#### What you should do:
Your response should contain each line of the data that includes "with".

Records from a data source
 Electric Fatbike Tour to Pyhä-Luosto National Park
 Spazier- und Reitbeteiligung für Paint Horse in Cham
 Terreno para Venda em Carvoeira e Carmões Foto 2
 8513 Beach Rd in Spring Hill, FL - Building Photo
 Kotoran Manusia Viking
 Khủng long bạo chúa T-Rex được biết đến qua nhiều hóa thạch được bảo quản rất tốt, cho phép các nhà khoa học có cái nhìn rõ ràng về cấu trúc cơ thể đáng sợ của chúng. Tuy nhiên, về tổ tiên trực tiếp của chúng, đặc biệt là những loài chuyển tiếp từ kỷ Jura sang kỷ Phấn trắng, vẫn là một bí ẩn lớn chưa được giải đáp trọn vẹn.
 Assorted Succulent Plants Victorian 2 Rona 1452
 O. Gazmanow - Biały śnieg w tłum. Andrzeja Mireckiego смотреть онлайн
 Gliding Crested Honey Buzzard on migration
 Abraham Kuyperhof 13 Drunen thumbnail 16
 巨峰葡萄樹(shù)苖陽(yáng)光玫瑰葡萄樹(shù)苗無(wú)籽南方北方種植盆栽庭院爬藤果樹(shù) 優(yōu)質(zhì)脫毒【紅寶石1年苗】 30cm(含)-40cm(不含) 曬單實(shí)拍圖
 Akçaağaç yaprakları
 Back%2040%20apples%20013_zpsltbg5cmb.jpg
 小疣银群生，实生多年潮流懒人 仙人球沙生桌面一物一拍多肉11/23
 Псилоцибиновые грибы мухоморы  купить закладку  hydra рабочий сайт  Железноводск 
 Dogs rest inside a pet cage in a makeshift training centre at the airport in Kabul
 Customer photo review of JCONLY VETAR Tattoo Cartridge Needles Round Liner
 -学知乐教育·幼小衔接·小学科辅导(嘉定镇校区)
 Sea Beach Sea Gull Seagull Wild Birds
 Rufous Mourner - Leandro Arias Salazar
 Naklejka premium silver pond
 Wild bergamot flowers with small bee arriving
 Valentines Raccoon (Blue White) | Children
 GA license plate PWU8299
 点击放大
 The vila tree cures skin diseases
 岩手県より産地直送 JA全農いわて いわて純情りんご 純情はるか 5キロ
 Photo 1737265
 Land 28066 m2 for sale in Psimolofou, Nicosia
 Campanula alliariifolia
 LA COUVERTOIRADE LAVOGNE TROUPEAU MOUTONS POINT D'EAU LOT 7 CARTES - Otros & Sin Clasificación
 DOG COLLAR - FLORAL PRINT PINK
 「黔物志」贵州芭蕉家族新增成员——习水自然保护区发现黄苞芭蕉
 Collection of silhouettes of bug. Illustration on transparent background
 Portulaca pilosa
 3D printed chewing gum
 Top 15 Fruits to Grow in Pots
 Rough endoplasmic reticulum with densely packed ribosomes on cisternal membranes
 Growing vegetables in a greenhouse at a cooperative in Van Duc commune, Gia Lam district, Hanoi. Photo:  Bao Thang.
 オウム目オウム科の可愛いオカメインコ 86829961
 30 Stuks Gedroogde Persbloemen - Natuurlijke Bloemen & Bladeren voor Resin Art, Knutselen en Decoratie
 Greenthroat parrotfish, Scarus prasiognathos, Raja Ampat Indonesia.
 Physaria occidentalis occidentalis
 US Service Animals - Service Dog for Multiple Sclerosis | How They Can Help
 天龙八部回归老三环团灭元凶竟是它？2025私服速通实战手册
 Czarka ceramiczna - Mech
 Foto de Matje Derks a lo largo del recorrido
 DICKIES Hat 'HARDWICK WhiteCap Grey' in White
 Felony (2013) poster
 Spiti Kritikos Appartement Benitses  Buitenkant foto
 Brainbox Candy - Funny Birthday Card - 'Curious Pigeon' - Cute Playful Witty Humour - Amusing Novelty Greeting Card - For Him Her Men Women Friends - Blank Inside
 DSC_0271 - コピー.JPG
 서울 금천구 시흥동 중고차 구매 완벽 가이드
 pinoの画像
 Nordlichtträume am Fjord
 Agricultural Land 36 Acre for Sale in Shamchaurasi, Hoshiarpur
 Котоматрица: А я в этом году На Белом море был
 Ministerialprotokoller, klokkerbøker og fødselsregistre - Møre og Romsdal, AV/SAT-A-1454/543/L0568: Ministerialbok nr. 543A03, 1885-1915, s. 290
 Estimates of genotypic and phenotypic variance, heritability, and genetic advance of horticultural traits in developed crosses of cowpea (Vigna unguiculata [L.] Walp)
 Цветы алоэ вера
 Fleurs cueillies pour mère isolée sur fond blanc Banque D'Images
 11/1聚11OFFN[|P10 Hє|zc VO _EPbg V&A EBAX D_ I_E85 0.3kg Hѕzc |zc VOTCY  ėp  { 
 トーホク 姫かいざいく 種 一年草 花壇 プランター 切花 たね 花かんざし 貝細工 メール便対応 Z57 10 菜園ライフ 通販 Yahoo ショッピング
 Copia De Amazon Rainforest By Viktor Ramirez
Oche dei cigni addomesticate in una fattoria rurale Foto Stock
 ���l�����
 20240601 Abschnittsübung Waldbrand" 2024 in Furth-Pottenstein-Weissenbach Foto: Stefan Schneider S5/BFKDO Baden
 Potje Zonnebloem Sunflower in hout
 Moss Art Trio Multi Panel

#### Reply:
 Wild bergamot flowers with small bee arriving
 Rough endoplasmic reticulum with densely packed ribosomes on cisternal membranes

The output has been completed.